A 2020 Slogan of the Cities and Streets of America
“Defund the police.” My immediate response to that plea, with little or no rational reflection, is that it would not be a bad idea, and use the money allotted to police departments throughout America for some other worthwhile human projects, whatever the respective legislators of a city or town deem to be “worthwhile projects.”
But upon further reflection, there is something wrong with the idea. First, the assumption of the plea to “Defund the police” has a rather simplistic notion about human nature. America’s police departments might be defunded, were it not for the fact of the finite, fallible nature of human beings. “To err is human.” Human beings, left to themselves, are inclined to commit moral errors, to “transgress” on the rights of other human beings. That is why there are “checks and balances” in the Constitution of the United States of America. Where one “branch” of government goes wrong, hopefully, another branch will challenge and correct it.
Second, “To err is human” also applies to errors in human judgments, that is, in thinking about right and wrong. To “Defund the police” would be right, if human beings were always morally upright or, even better, morally prefect. But the fact of the matter is that they are not. Hence, to “Defund the police” is not a good idea. It is, quite simply, wrong.
Third, “Defund the police” is not practical. In other words, it does not work in the “real world,” – the space-time world in which human beings, creatures of common sense – live.

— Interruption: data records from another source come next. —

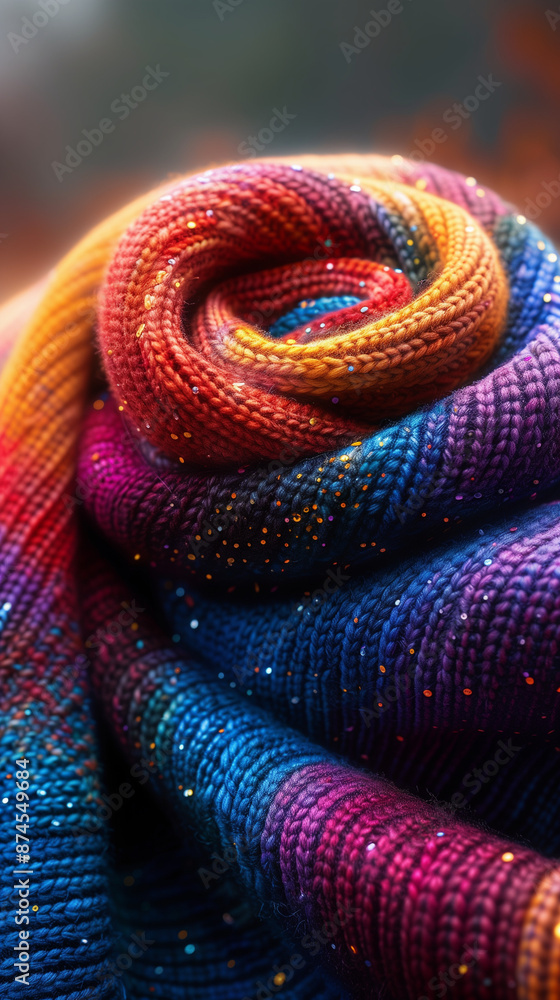 Close-up of colorful braided yarn texture. Close-up of colorful braided yarn texture.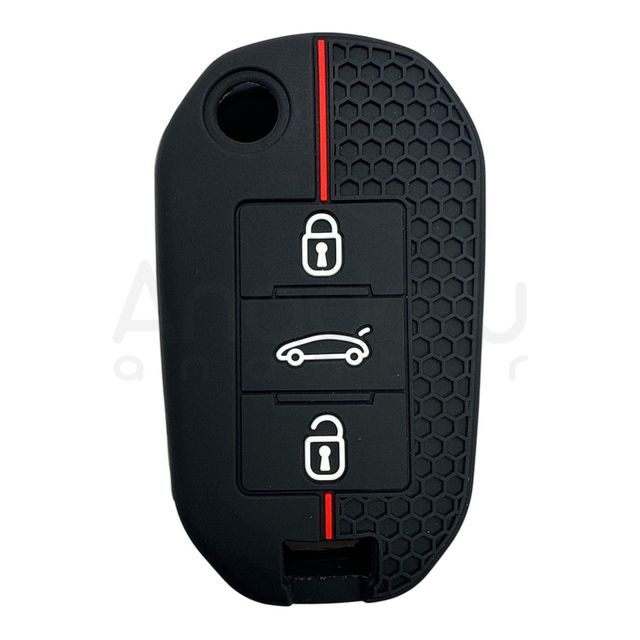 3410-PK | Peugeot - Citroen Sustalı Petek Desenli Kılıf 3 Buton Kırmızı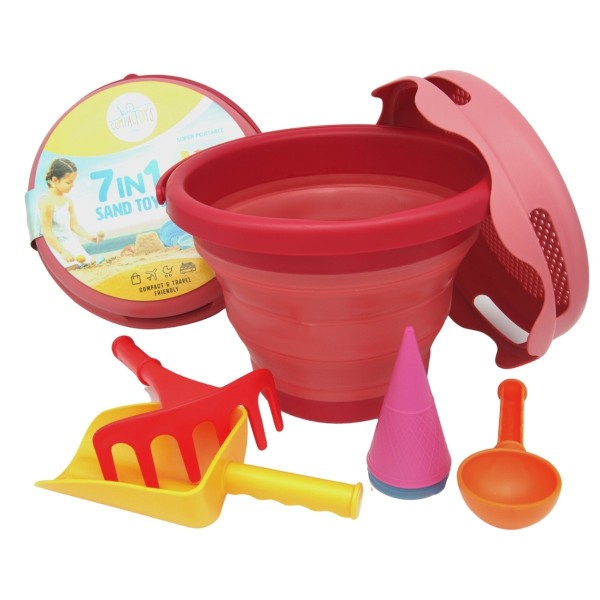 COMPACTOYS Skládací sada na písek 7v1 - červená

For example, in 2021, almost a year after the “chant” “Defund the police,” in not a few American cities and towns, crime is on the rise and there are even “calls” from mayors to the federal government to help fight crime in their cities. Why? The reason is rooted in common sense and is obvious: Americans need the police. They need the many good and courageous men and women in America’s police departments. The police are needed to enforce the law, arrest and apprehend criminals, protect the human rights of American citizens and to restore order in public.
Fourth, there is one final reason, a logical one, that “Defund the police” is a bad idea. Let me explain: Abusing something good is not a “valid” reason for rejecting the good itself. For instance, abuse in the practice of medicine is not a good reason for rejecting medicine; nor is abuse in positions of government a proper reason for rejecting government itself; nor, still less, is abuse in the practice of the law a good reason for rejecting the law itself. In the words of a Latin saying, Abusus non tollit usum, which may be translated, “Abuse does not remove use.”
Therefore, abuse in power, such as instances of police brutality, is not a good reason for rejecting and defunding the proper power that the police exercise for the common good, the good of a human community.